We will compute the z-scores using the function scipy.stats.zscore().

education_districtwise['Z_SCORE'] = stats.zscore(education_districtwise['OVERALL_LI'])
education_districtwise

	DISTNAME	STATNAME	BLOCKS	VILLAGES	CLUSTERS	TOTPOPULAT	OVERALL_LI	Z_SCORE
0	DISTRICT32	STATE1	13	391	104	875564.0	66.92	-0.641712
1	DISTRICT649	STATE1	18	678	144	1015503.0	66.93	-0.640721
2	DISTRICT229	STATE1	8	94	65	1269751.0	71.21	-0.216559
3	DISTRICT259	STATE1	13	523	104	735753.0	57.98	-1.527694
4	DISTRICT486	STATE1	8	359	64	570060.0	65.00	-0.831990
…	…	…	…	…	…	…	…	…
675	DISTRICT522	STATE29	37	876	137	5296396.0	78.05	0.461307
676	DISTRICT498	STATE29	64	1458	230	4042191.0	56.06	-1.717972
677	DISTRICT343	STATE29	59	1117	216	3483648.0	65.05	-0.827035
678	DISTRICT130	STATE29	51	993	211	3522644.0	66.16	-0.717030
679	DISTRICT341	STATE29	41	783	185	2798214.0	65.46	-0.786403

634 rows × 8 columns

Now that we have computed z-scores for our dataset, we will write some code to identify outliers, or districts with z-scores that are more than +/- 3 SDs from the mean.

education_districtwise[(education_districtwise['Z_SCORE'] > 3) | (education_districtwise['Z_SCORE'] < -3)]
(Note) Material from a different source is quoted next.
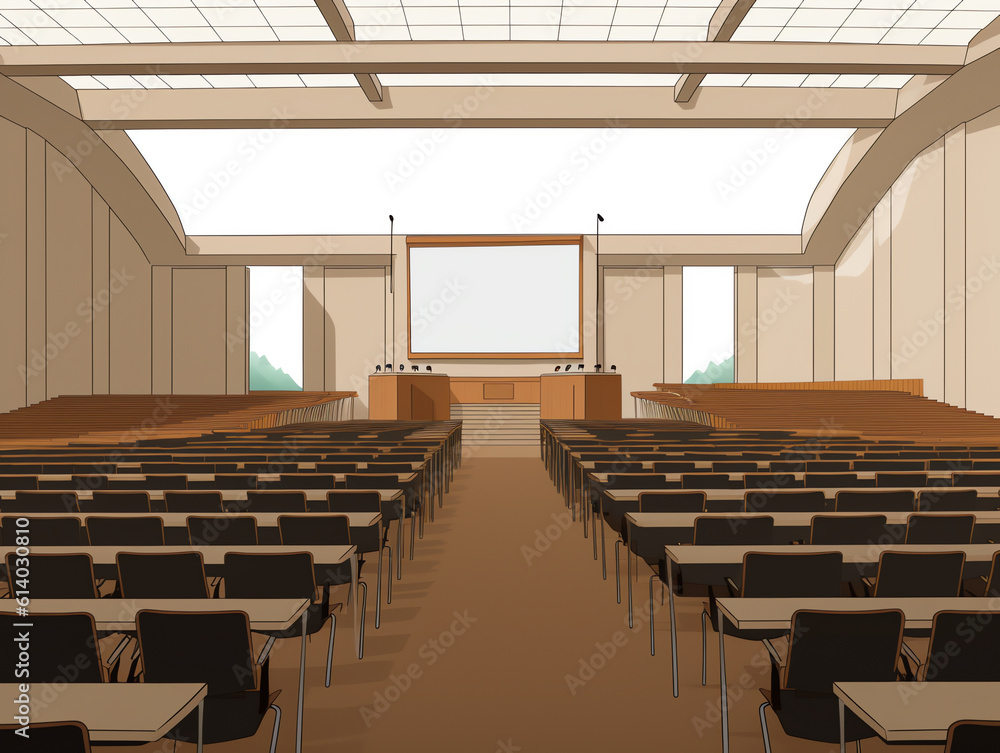 Fototapeta premium Generative AI Lecture room with empty seats Business seminar education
	DISTNAME	STATNAME	BLOCKS	VILLAGES	CLUSTERS	TOTPOPULAT	OVERALL_LI	Z_SCORE
434	DISTRICT461	STATE31	4	360	53	532791.0	42.67	-3.044964
494	DISTRICT429	STATE22	6	612	62	728677.0	37.22	-3.585076

Using z-scores, we can identify two outlying districts that have unusually low literacy rates: DISTRICT461 and DISTRICT429.

Our analysis gives us important information to share. The government may want to provide more funding and resources to these two districts in the hopes of significantly improving literacy.

Probability distributions are useful for modeling our data and help us determine which statistical test to use for an analysis. In addition to the normal distribution, Python can help us work with a wide range of probability distributions too.